Don: Yeah, when I was a kid, at camp. How, uh- how many acres do you have, Rudy?
Rudy: Well, you wouldn't want to have to walk your way outta here. That's for sure. Come on up and meet my new neighbors.
Don: Aw. No. Aw, geez. When did all this happen?
Rudy: Last couple of years. Local rancher lost control of the land. Banks took it and sold it to real estate speculators.
Don: What the hell happened over there?
Rudy: Meth freaks.
Don: Out here?
Rudy: They find a quiet little place, start cookin'- till somethin' blows up or burns down.
Don: Wow.
Rudy: Past year and a half, I've had two bodies dumped on my land.
Don: Dead bodies?
Rudy: One of'em was rolled up in this nice-lookin' carpet. Scared the shit out of my foreman. They dump dead dogs and cats and all other sorts of garbage on my land. Seems like I spend half my time just defendin' the place. I gotta go to court next week to fight off some private corporation from Denver wants to build a toll road across my land. Eminent domain, my ass. They got another word for it-robbery. You wanna open that up for me?
Don: You should get a clicker. Hey, Rudy. You know anybody over at Uni-Globe Meat Packing?
Rudy: Sure.
Don: What do you think of'em?
Rudy: I think they're a fine bunch.
Don: Really?
Rudy: They'll slit your throat for a nickel. Nothin' personal. They just want the extra nickel.
Don: Well, who do you know over there?
Rudy: I know all of'em. I sold cattle to 'em for years.
Don: Oh.
Rudy: More important, I know their type. They are the meanest, toughest sons of bitches, and they're proud of it. But that's nothin' new. My granddad went up against the meat packers in 1919. Testified in Congress about their price-fixing. And after that, none of them would buy his cattle. U.M.P. And all the rest tried to run him out of the business.
Don: Okay, but that was a long time ago.
Rudy: Yeah. And the big packers are even worse today. They're even bigger today.
Don: Really?
Rudy: And meaner. Hell, old Dwight D. Eisenhower would've shut 'em down. He wouldn't have stood for their crap.
Don: Do you think they would knowingly sell us contaminated meat?

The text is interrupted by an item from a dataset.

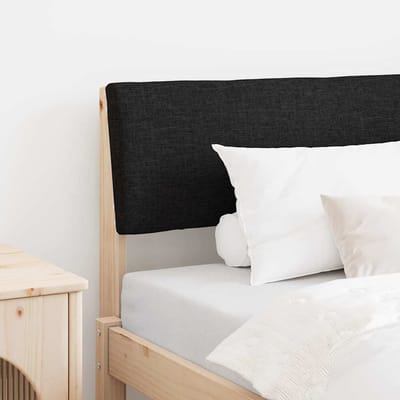 vidaXL - Gestoffeerd - hoofdbord - Zwart - 100 - cm - Massief - grenenhout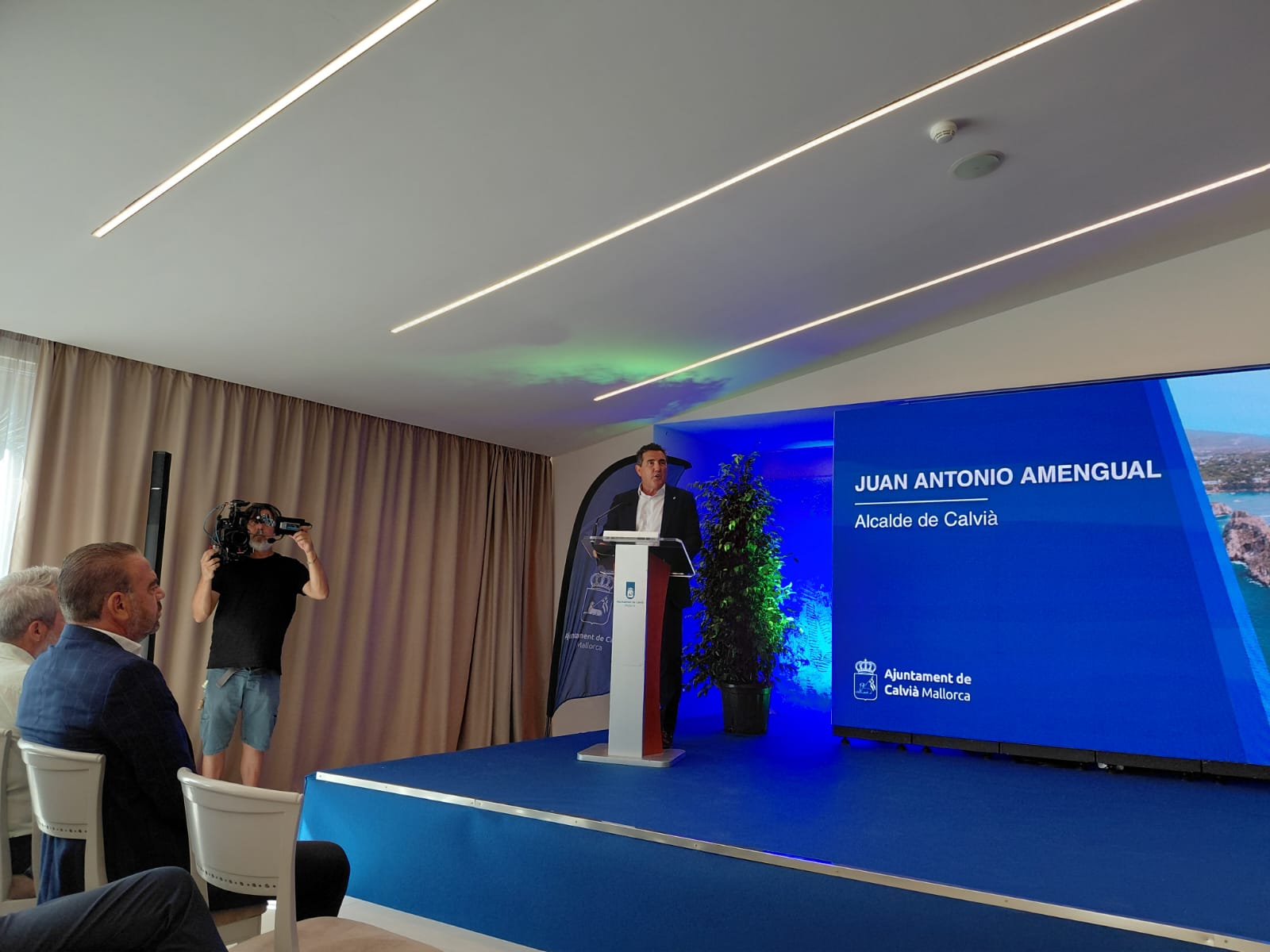 El alcalde de Calvià, Juan Antonio Amengual. El alcalde de Calvià, Juan Antonio Amengual.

Rudy: Oh, come on. Workers are gettin' their arms cut off over there. You don't know who you're dealin' with.
Don: No. No, I don't. Please, help me. I- I was at the plant. It seemed clean to me.
Rudy: They show you the kill floor?
Don: I don't know. I saw a lot of things.
Rudy: You'd remember. You see any cattle gettin' their heads cut off? Were you walkin' ankle-deep in blood?